Records shown:
+ + + + + + +

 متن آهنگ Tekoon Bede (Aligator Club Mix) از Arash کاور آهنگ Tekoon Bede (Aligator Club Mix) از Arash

+ + + + + + +

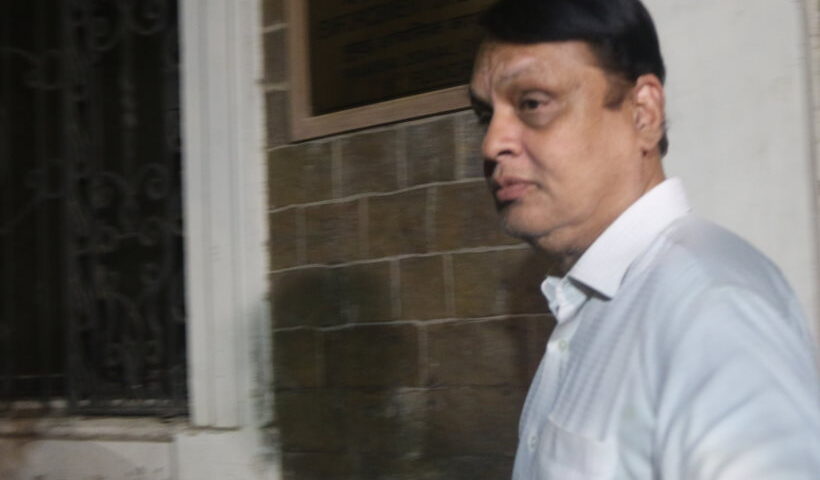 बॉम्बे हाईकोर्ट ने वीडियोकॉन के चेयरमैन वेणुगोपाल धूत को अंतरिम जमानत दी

+ + + + + + +

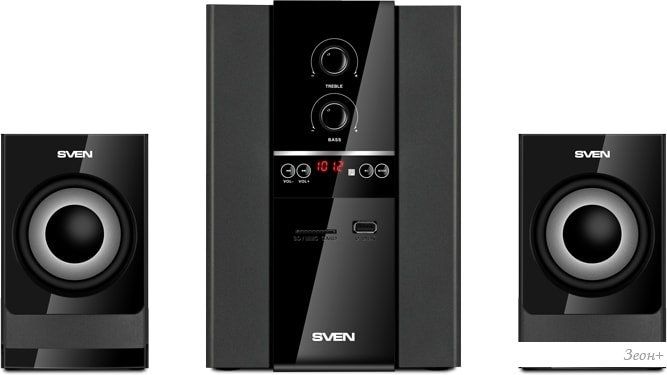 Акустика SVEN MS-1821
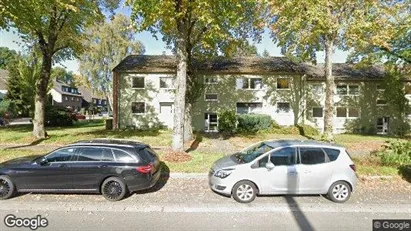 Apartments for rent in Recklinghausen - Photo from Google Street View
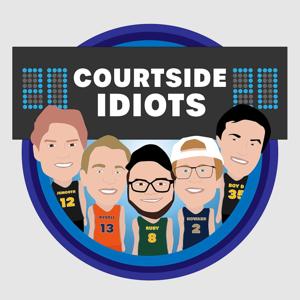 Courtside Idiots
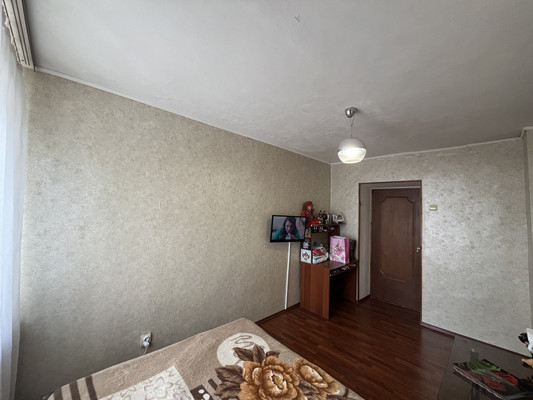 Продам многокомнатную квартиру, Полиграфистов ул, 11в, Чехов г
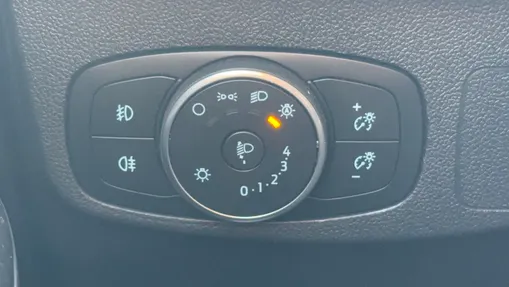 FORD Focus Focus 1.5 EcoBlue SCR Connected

+ + + + + + +

What is expected:
Of the records above, print only the lines from the one containing "Акустика SVEN MS-1821" through the one containing "FORD Focus Focus 1.5 EcoBlue SCR Connected", inclusive and unaltered, leaving out pictures.

Reply to the exercise:
 Акустика SVEN MS-1821
 Apartments for rent in Recklinghausen - Photo from Google Street View
 Courtside Idiots
 Продам многокомнатную квартиру, Полиграфистов ул, 11в, Чехов г
 FORD Focus Focus 1.5 EcoBlue SCR Connected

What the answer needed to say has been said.